Levantamento exclusivo mostra que vacinas jogadas fora representaram quase R$ 9 milhões em investimentos públicos. Especialistas defendem mudanças logísticas para conter desperdício.
Quase 1,2 milhão de doses no lixo
Mais de 1,1 milhão de doses de vacinas foram descartadas em Santa Catarina entre 2022 e 2024. Os dados são resultado de um levantamento exclusivo da NSC TV junto à Secretaria de Estado da Saúde e às prefeituras das maiores cidades do Estado, por meio da Lei de Acesso à Informação (LAI).
Entre os principais motivos do desperdício estão o vencimento do prazo de validade, falhas logísticas, erros de manuseio e a baixa adesão da população às campanhas de vacinação, especialmente contra a Covid-19 e a gripe.
O retrato dos municípios
Das dez maiores cidades de Santa Catarina, seis prefeituras responderam de forma completa à solicitação da reportagem. Juntas, elas contabilizam 541.018 doses descartadas. Os maiores números vieram de:
- Florianópolis: 128.154 doses perdidas
- São José: 79.075 doses
- Itajaí: 61.704 doses
- Jaraguá do Sul: 53.973 doses
- Criciúma: 41.554 doses
- Palhoça: 29.047 doses
- Chapecó: 15.060 doses
As justificativas vão desde falhas técnicas e vencimentos até problemas com frascos multidoses e ausência de público para aplicação.
Outros municípios como Blumenau e Joinville enviaram dados parciais — apenas referentes a vacinas contra gripe e Covid-19 —, totalizando mais 132.441 doses descartadas. Já Lages não forneceu informações conclusivas.
Custo milionário: quase R$ 9 milhões em vacinas perdidas
Além do número de doses, a reportagem solicitou também os valores financeiros referentes às vacinas descartadas. Apenas cinco prefeituras forneceram essas informações:
- Florianópolis: R$ 3.510.031,61
- Jaraguá do Sul: R$ 2.161.694,03
- Itajaí: R$ 1.749.830,06
- Criciúma: R$ 1.028.053,33
- Blumenau: R$ 250.008,67
O total chega a impressionantes R$ 8.699.617,70 em investimentos públicos desperdiçados. Vale lembrar que a aquisição dos imunizantes é feita exclusivamente pelo Ministério da Saúde.
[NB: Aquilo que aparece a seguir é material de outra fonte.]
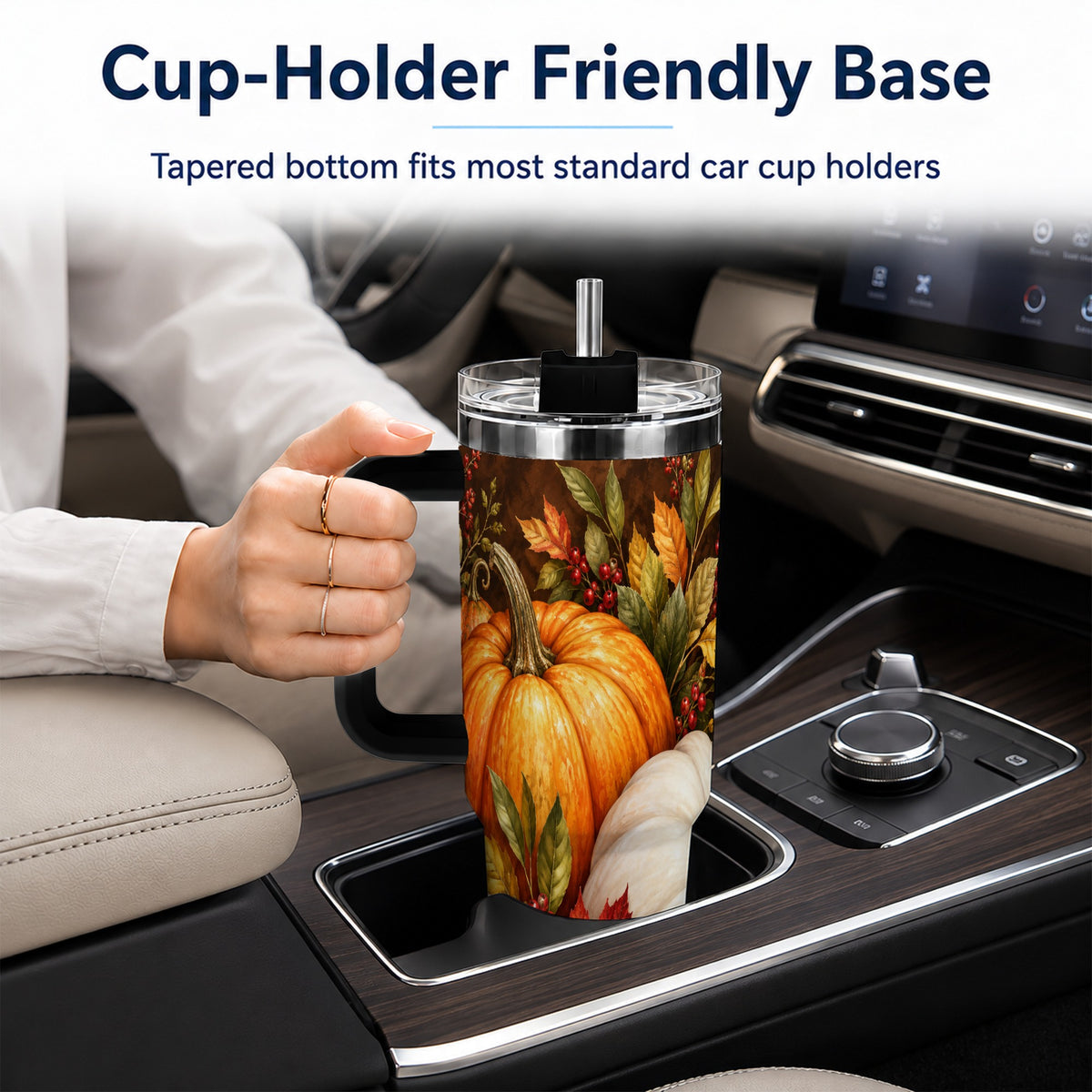 #pl[40oz|Black] Classic Pumpkin 40oz Tumbler with Handle, Stainless Steel Travel Cup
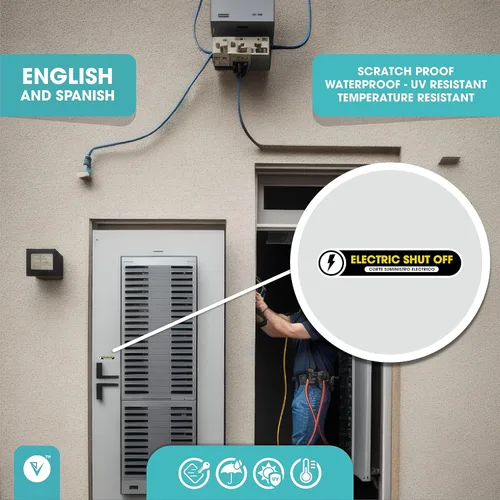 Miniatura 4 de Juego de 2 calcomanías de cierre eléctrico bilingüe, calcomanías de vinilo mate, impermeables, a prueba de arañazos y resistentes a los rayos UV
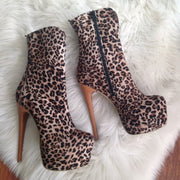 Leopard Textile High Heel Boots - Tajna Club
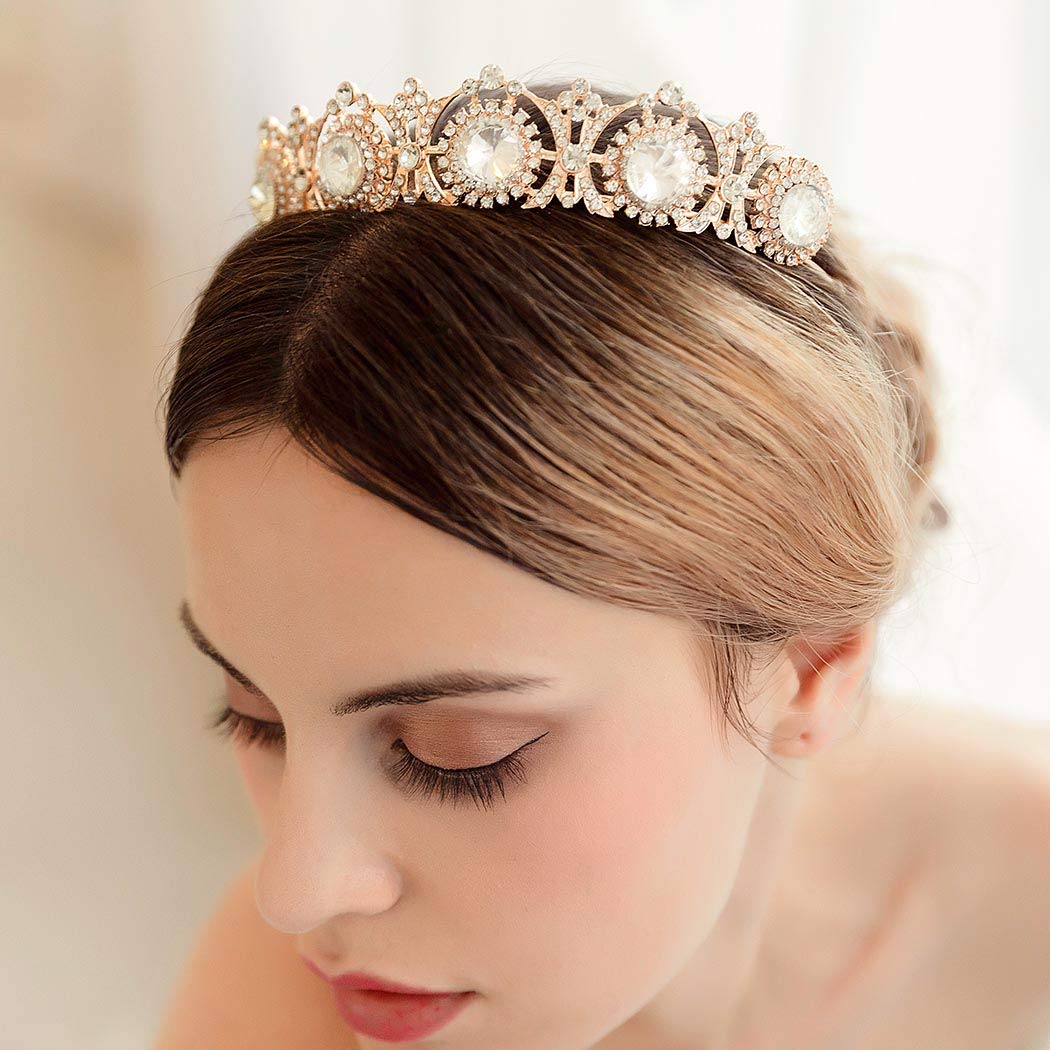 FDesigner Bride Crowns Wedding Crystal Tiaras Hair Jewelry Bridal Hair Accessories Princess Prom Headpieces for Women and Girls (Rose Gold)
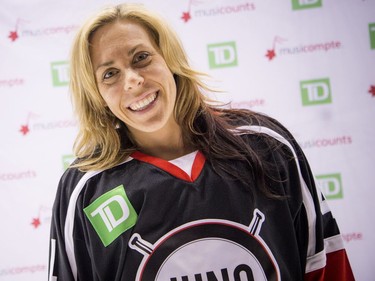 Local singer Amanda Rheaume spoke to media while Canadian music celebrities and some hockey stars came together at TD Place arena Thursday March 30, 2017 for a practice a day before the big Juno Cup hockey game.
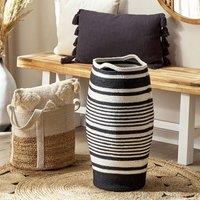 Wyld and Coco Cotton Braided Storage Basket - White and Black Laundry Hamper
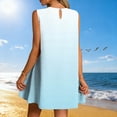 thumbnail image 3 of Vestido Corto para Mujeres Verano Moda Casual Impreso Lado Plisado Cuello Redondo sin Mangas, 3 of 7
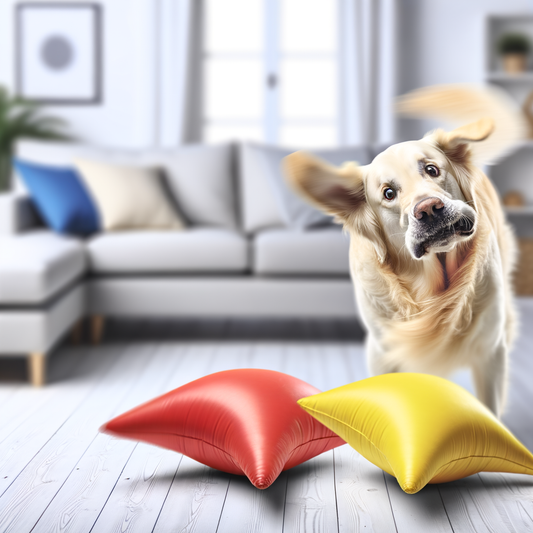 Dog playing with colorful cushions in a cozy living room.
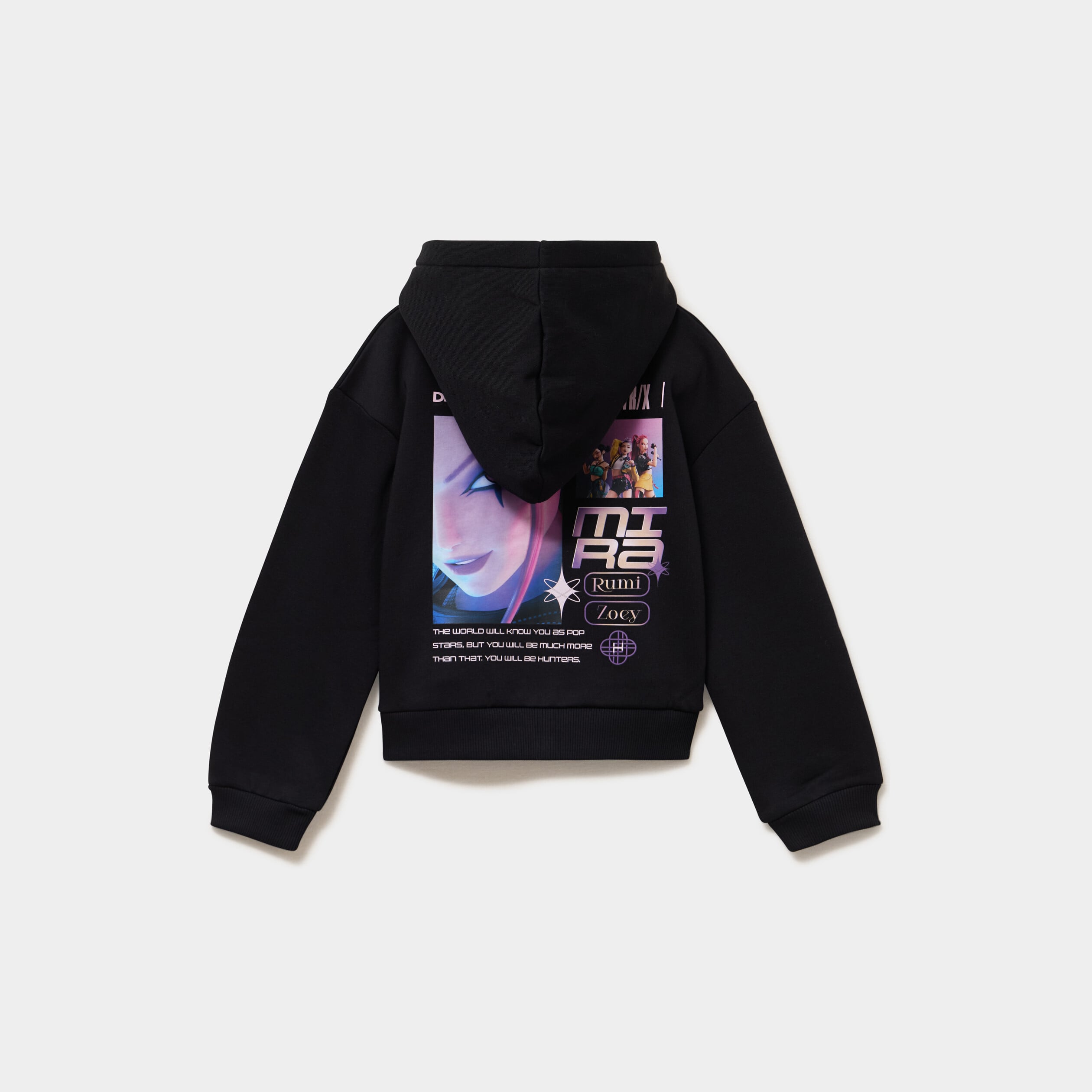 Sweat zipp&eacute; &agrave; capuche Kpop Demon Hunters noir fille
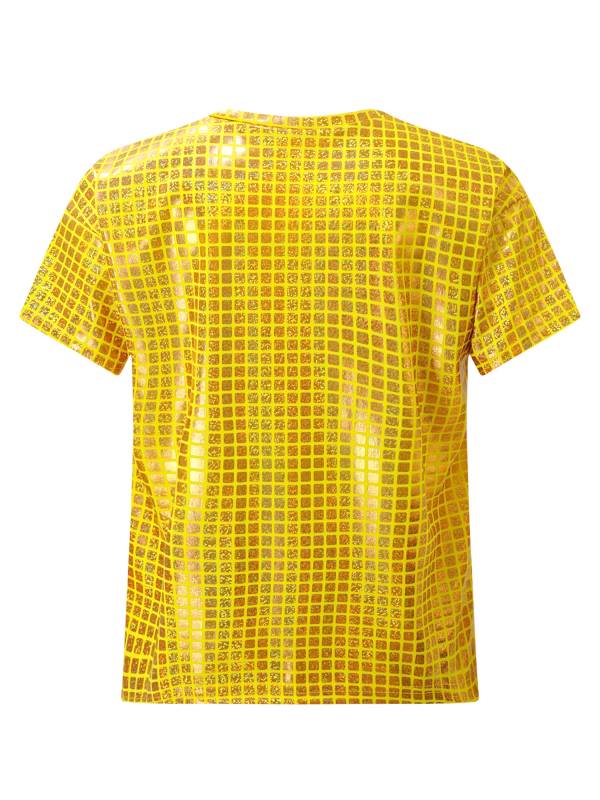 Kids Girls Boys Round Neck Short Sleeve Plaid Sequins Cheerleading Dance T-shirt thumb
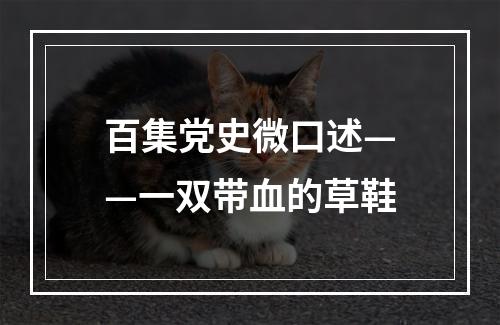 百集党史微口述——一双带血的草鞋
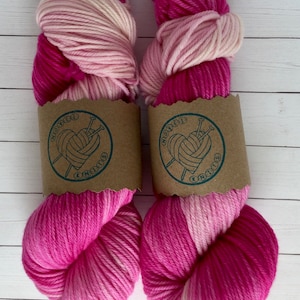 Hand dyed yarn, worsted weight yarn, merino wool, for crafts, pink, for knitters, crochet yarn, for grandma, christmas gift for, for mom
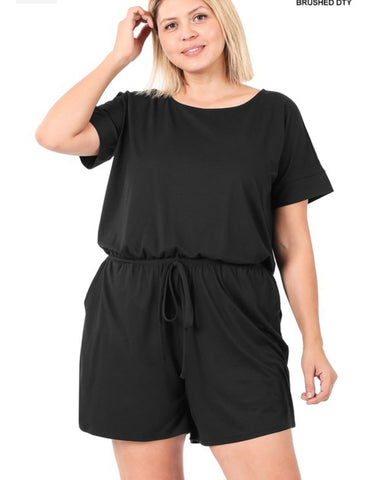 Black Short Sleeve Romper w/ Pockets- Plus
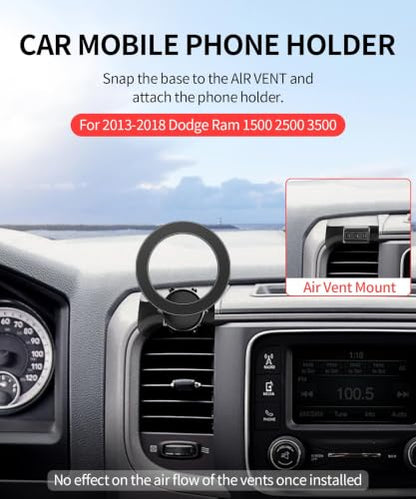 Car Phone Holder for Dodge Ram 1500/Ram 2500/Ram 3500 2013-2018 Accessories - size: for 2013-2018 Ram 1500 2500 3500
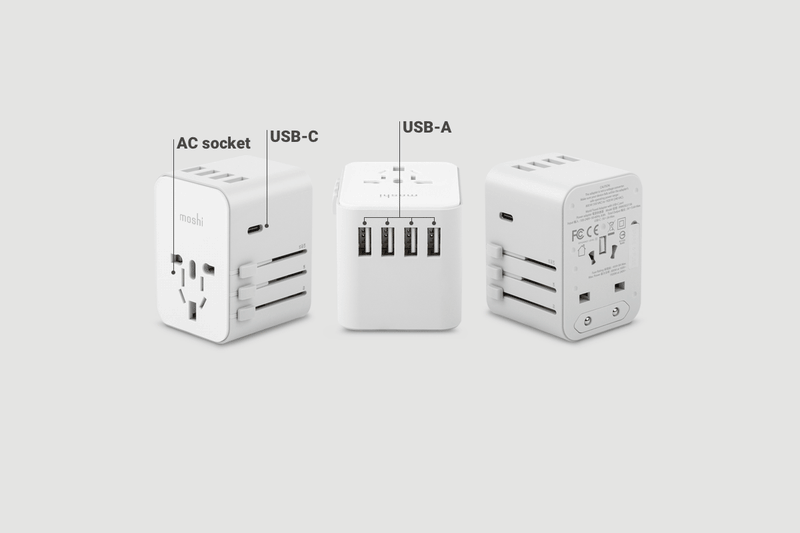 World Travel Adapter with USB-C and USB-A Ports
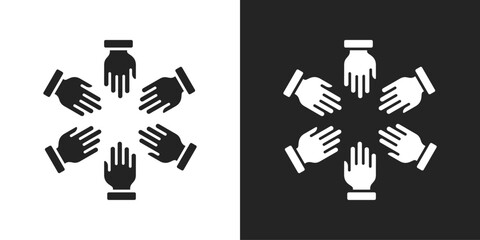 Diversity Icon In Black And White Glyph Style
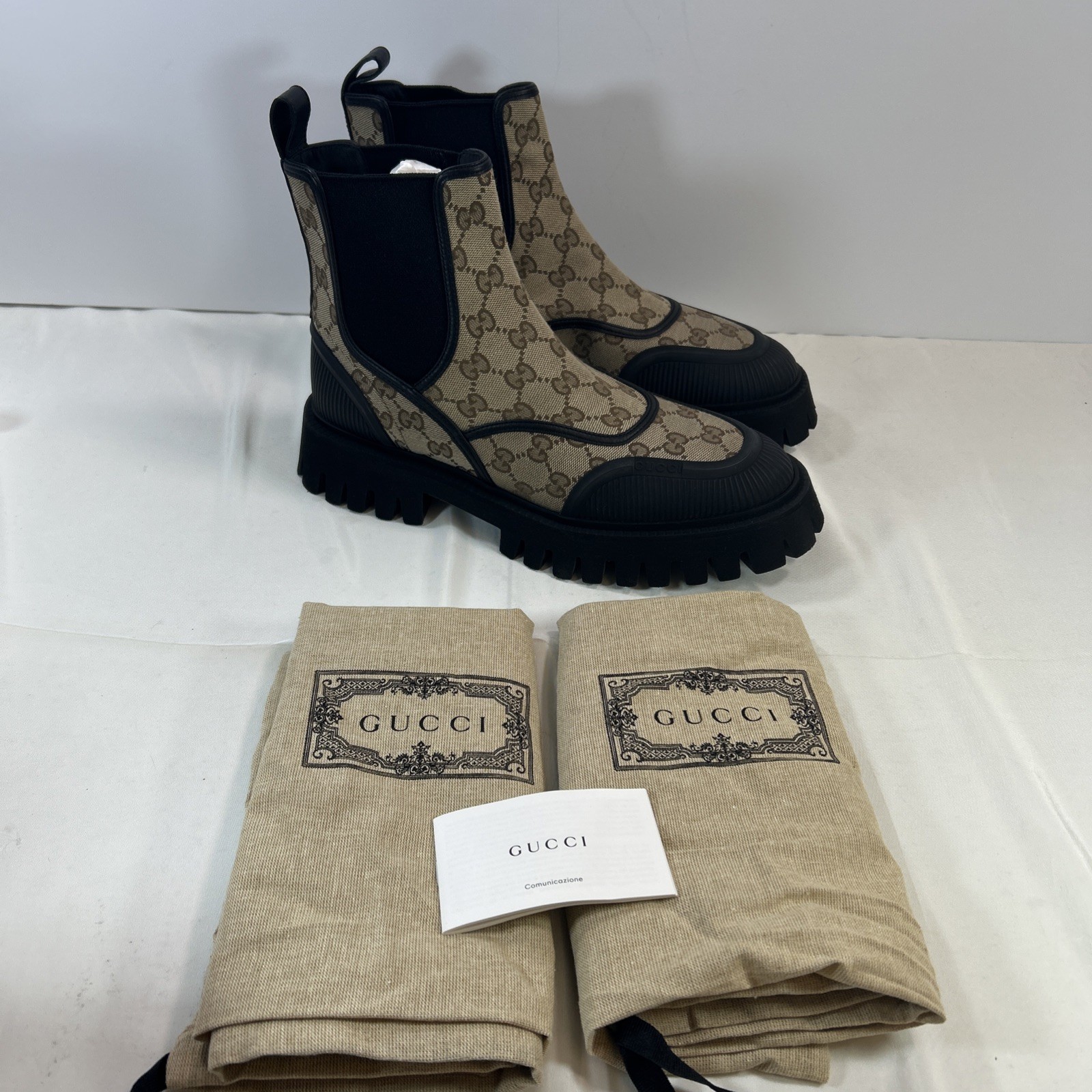 Gucci Original GG Canvas Chelaes Boots Beige Ebony Black (Size 41+)
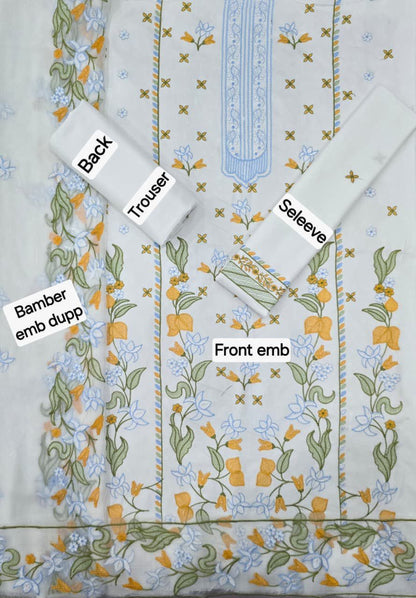 ZAHA DHANAK EMB 3pc WITH BAMBER EMB DUPPATA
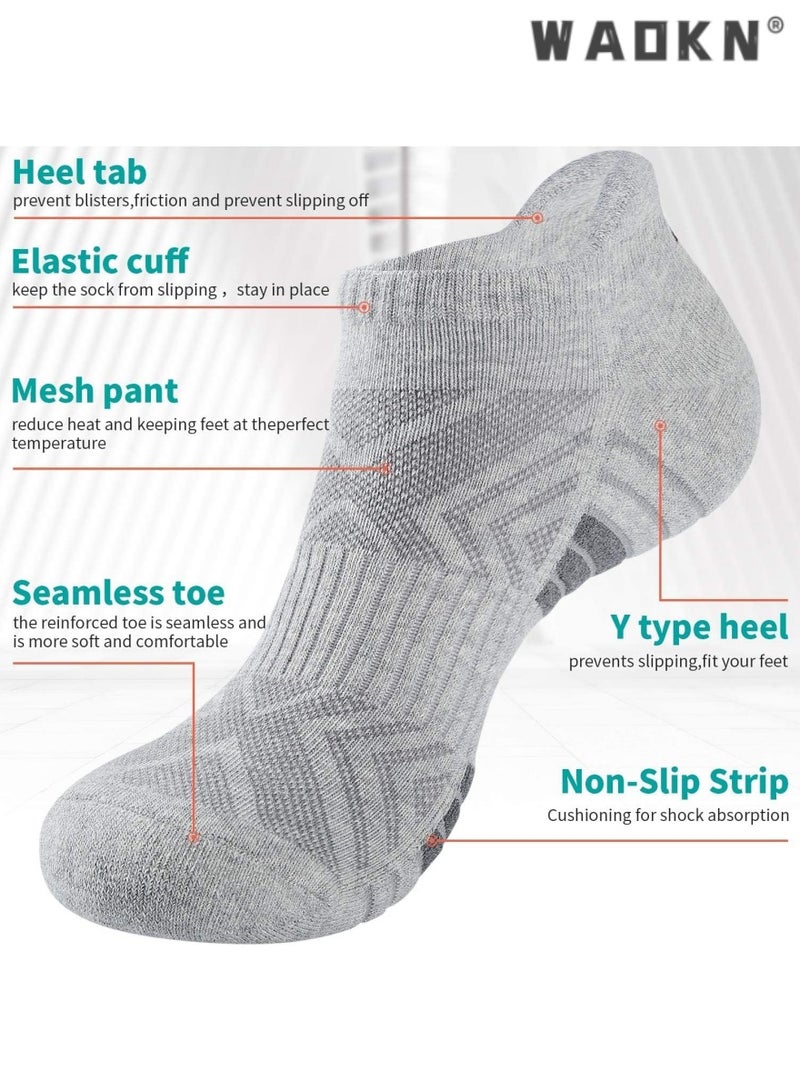 WAOKN Lightweight & Breathable, Unisex Low-Cut Sports Socks, Grey 3-Pair Set, Anti-Blister Comfortable Walking Socks, Choice for Sports Lovers - Image 3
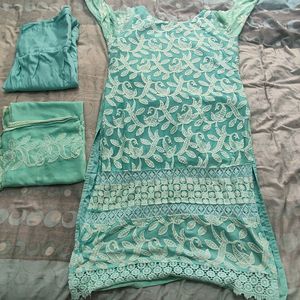 Pastel Green Georgette Chudithar Set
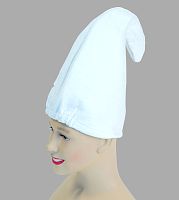 Шапка Гнома высокая белая (колпак) Теллушамар, полиэстер, размер 56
Frascos multidoses: solução ou problema?
Grande parte das perdas está relacionada ao uso de frascos multidoses. Embora facilitadores na logística e mais econômicos, eles exigem o uso de todas as doses em poucas horas após a abertura. Caso contrário, o conteúdo deve ser descartado, mesmo que parcialmente usado.
Segundo a Prefeitura de Joinville, a vacina da Covid-19, por exemplo, não pode ser recongelada. “Se apenas uma pessoa é vacinada, o frasco inteiro precisa ser desprezado”, explica o município. Cidades como Jaraguá do Sul, Blumenau e Itajaí também relataram perdas significativas por esse motivo.
A epidemiologista Alexandra Boing, doutora em Saúde Coletiva, sugere uma alternativa: aumentar a compra e distribuição de vacinas em frascos monodoses, especialmente para cidades menores ou em momentos de baixa demanda. A ideia, segundo ela, “é evitar abrir um frasco com dez doses para vacinar apenas uma pessoa”.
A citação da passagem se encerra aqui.